- ACTIVITY:
An exact retyping of all lines below is the answer; pictures do not belong in it.

[[ DATASET CONTENT open ]]

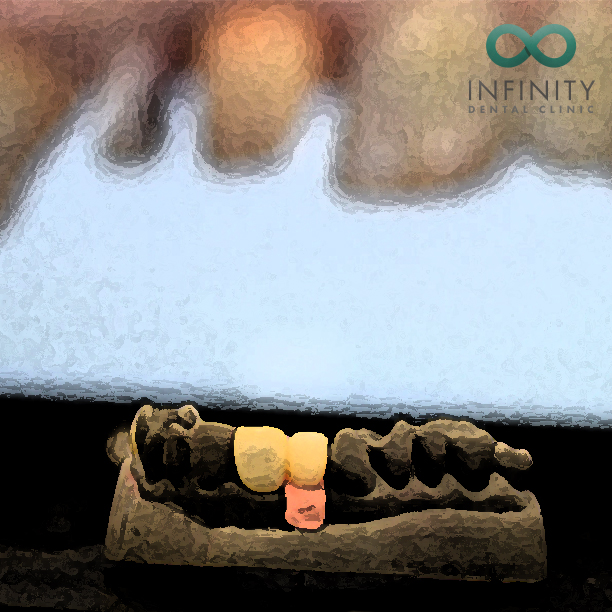 infinity_teeth's tweet image. We're only happy if all of our restorations are a work of art...
ow.ly/md3f50zqXQj
#dentist #smile #art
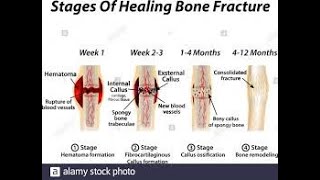 كيفية  التئام العظام   bone healing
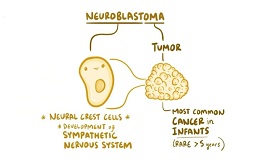 神经母细胞瘤：防复发药物DFMO临床试验招募中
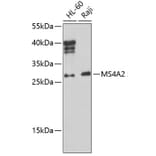 Western Blot - Anti-MS4A2 Antibody (A10452) - Antibodies.com
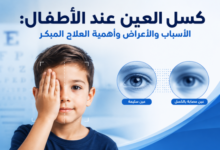 كسل العين عند الأطفال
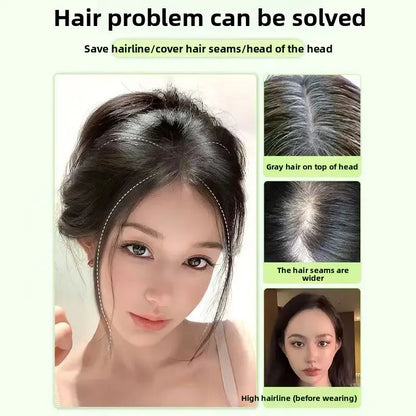 Natural Female Parting Hair Frontal Piece 3D Simulation Thickened Baldness Treatment Mid Split High Forehead Hair Extension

[[ DATASET CONTENT closed ]]

- TASK RESPONSE:
 infinity_teeth's tweet image. We're only happy if all of our restorations are a work of art...
ow.ly/md3f50zqXQj
#dentist #smile #art
 كيفية  التئام العظام   bone healing
 神经母细胞瘤：防复发药物DFMO临床试验招募中
 Western Blot - Anti-MS4A2 Antibody (A10452) - Antibodies.com
 كسل العين عند الأطفال
 Natural Female Parting Hair Frontal Piece 3D Simulation Thickened Baldness Treatment Mid Split High Forehead Hair Extension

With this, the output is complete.